### What is being asked
Using the data that follows, output only the lines from the line with "The Ultimate Guide to Super RC Cars" up to and including the line with "Prateleiras flutuantes 2", exactly, leaving pictures aside.

### Excerpted records
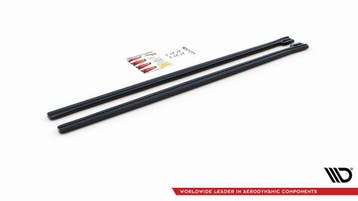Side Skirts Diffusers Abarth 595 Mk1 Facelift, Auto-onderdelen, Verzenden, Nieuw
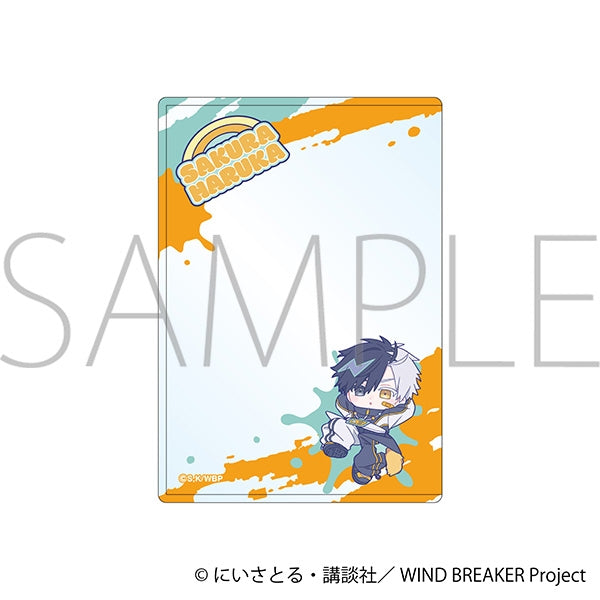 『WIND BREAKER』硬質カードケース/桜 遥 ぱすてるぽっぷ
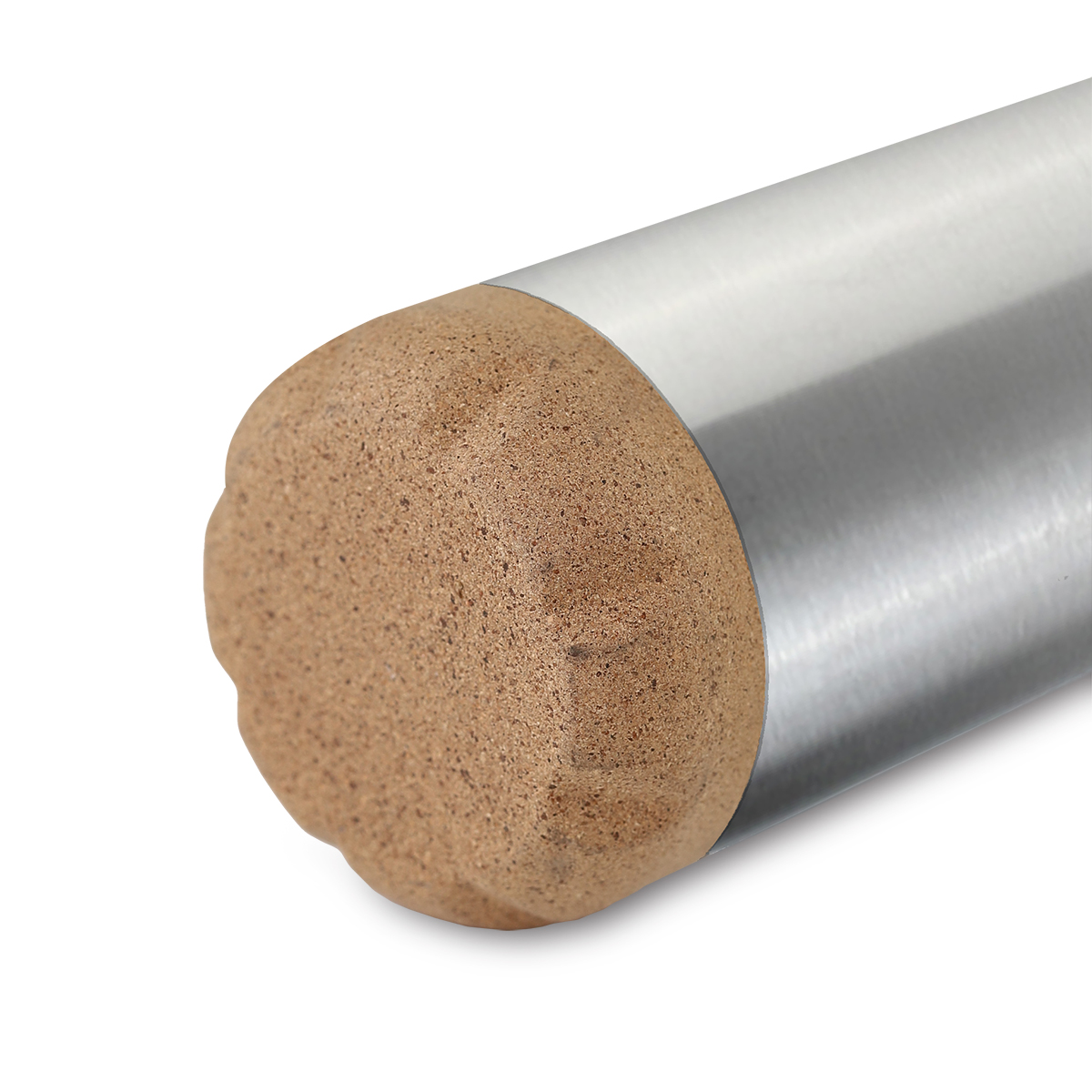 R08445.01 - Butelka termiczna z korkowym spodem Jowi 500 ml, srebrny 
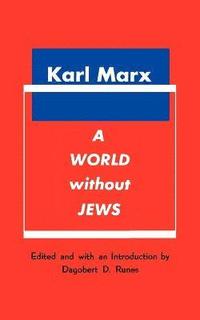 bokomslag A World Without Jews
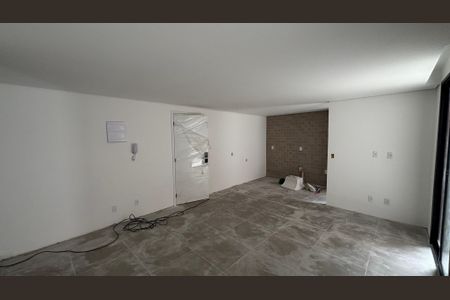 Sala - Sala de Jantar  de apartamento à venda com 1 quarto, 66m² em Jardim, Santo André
...
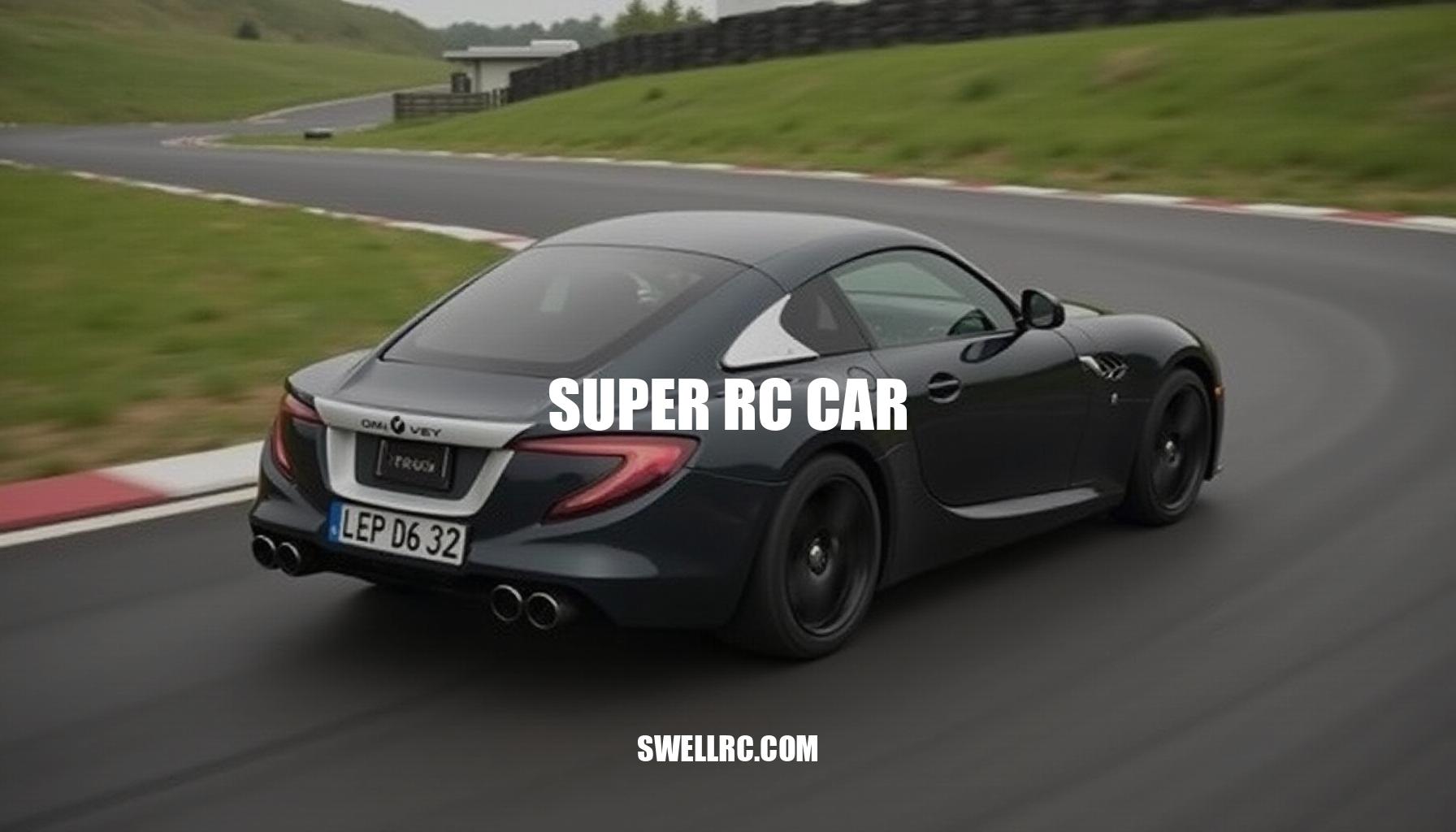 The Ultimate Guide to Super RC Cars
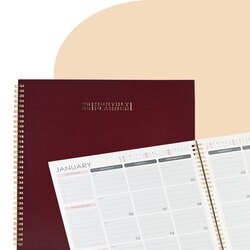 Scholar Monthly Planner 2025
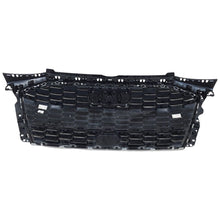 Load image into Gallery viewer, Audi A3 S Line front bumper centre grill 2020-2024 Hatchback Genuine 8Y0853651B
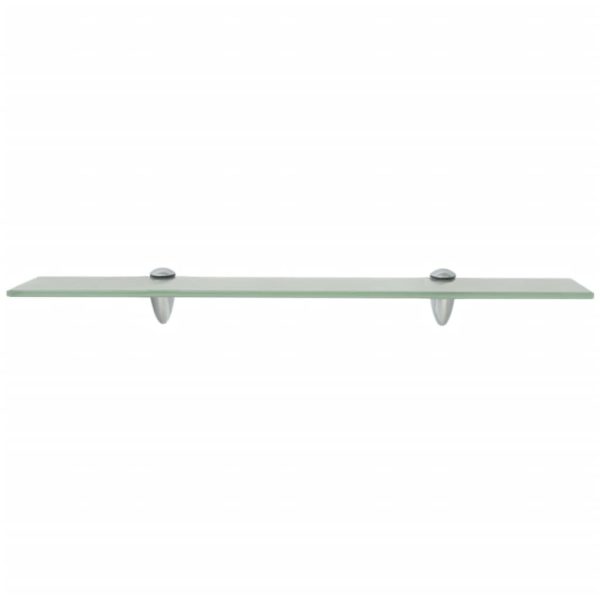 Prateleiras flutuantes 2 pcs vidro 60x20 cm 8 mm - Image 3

### Written response
 The Ultimate Guide to Super RC Cars
 Scholar Monthly Planner 2025
 Load image into Gallery viewer, Audi A3 S Line front bumper centre grill 2020-2024 Hatchback Genuine 8Y0853651B
 Prateleiras flutuantes 2 pcs vidro 60x20 cm 8 mm - Image 3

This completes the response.